PROBLEM STATEMENT -
Once you have located the line containing "524 Park Avenue Fox Lake IL 60020" in the material below, return it exactly along with each line after it through the line containing "Slow-Cooker-Beef-Stroganoff-Recipe".

AVAILABLE RECORDS -
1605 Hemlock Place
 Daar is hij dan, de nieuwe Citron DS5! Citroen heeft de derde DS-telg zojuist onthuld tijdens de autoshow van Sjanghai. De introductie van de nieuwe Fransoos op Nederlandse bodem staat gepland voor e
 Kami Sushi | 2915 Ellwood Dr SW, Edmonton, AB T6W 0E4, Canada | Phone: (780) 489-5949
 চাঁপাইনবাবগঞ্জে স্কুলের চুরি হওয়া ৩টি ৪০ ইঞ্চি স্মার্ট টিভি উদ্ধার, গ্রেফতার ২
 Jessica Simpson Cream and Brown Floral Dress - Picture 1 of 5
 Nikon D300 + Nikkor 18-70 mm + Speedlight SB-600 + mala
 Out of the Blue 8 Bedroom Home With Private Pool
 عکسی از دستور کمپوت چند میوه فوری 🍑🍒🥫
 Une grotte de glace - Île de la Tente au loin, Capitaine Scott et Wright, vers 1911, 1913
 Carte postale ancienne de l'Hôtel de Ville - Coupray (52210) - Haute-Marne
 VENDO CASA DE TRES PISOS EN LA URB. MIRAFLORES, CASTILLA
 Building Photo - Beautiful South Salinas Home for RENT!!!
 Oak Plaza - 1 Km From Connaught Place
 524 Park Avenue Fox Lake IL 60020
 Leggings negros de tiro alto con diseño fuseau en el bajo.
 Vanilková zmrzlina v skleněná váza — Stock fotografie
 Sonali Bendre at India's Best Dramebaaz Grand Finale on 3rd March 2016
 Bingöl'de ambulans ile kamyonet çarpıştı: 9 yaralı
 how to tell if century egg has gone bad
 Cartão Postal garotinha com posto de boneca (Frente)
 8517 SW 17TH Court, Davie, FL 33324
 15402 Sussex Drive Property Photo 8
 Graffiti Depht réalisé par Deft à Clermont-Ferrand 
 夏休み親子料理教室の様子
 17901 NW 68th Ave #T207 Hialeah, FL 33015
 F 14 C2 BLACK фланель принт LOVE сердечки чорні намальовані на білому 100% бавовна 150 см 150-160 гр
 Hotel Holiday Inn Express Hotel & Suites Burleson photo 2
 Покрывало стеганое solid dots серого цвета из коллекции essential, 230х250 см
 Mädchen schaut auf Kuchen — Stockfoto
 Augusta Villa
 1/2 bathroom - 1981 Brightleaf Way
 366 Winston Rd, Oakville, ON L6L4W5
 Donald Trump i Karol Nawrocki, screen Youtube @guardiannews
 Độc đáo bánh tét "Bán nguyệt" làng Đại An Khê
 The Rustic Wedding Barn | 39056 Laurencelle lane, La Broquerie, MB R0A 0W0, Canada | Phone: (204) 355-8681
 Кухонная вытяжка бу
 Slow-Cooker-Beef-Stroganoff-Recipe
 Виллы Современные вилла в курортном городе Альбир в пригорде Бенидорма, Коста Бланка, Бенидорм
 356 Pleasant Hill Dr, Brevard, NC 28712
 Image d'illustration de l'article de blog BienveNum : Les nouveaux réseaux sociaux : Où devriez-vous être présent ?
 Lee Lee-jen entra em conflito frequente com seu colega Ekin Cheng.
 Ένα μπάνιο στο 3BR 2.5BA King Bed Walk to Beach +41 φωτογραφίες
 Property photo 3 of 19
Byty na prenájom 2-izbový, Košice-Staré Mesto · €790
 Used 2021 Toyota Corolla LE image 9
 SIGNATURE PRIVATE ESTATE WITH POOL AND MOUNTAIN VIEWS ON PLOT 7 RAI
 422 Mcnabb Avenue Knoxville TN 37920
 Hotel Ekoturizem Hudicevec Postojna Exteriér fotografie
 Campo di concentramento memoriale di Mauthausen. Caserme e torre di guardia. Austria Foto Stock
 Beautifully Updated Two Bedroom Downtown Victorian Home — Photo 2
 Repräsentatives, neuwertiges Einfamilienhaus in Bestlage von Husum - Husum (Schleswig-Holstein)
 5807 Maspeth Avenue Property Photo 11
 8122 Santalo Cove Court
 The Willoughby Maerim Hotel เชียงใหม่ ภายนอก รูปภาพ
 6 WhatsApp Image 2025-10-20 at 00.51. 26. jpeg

RESPONSE BOX -
 524 Park Avenue Fox Lake IL 60020
 Leggings negros de tiro alto con diseño fuseau en el bajo.
 Vanilková zmrzlina v skleněná váza — Stock fotografie
 Sonali Bendre at India's Best Dramebaaz Grand Finale on 3rd March 2016
 Bingöl'de ambulans ile kamyonet çarpıştı: 9 yaralı
 how to tell if century egg has gone bad
 Cartão Postal garotinha com posto de boneca (Frente)
 8517 SW 17TH Court, Davie, FL 33324
 15402 Sussex Drive Property Photo 8
 Graffiti Depht réalisé par Deft à Clermont-Ferrand 
 夏休み親子料理教室の様子
 17901 NW 68th Ave #T207 Hialeah, FL 33015
 F 14 C2 BLACK фланель принт LOVE сердечки чорні намальовані на білому 100% бавовна 150 см 150-160 гр
 Hotel Holiday Inn Express Hotel & Suites Burleson photo 2
 Покрывало стеганое solid dots серого цвета из коллекции essential, 230х250 см
 Mädchen schaut auf Kuchen — Stockfoto
 Augusta Villa
 1/2 bathroom - 1981 Brightleaf Way
 366 Winston Rd, Oakville, ON L6L4W5
 Donald Trump i Karol Nawrocki, screen Youtube @guardiannews
 Độc đáo bánh tét "Bán nguyệt" làng Đại An Khê
 The Rustic Wedding Barn | 39056 Laurencelle lane, La Broquerie, MB R0A 0W0, Canada | Phone: (204) 355-8681
 Кухонная вытяжка бу
 Slow-Cooker-Beef-Stroganoff-Recipe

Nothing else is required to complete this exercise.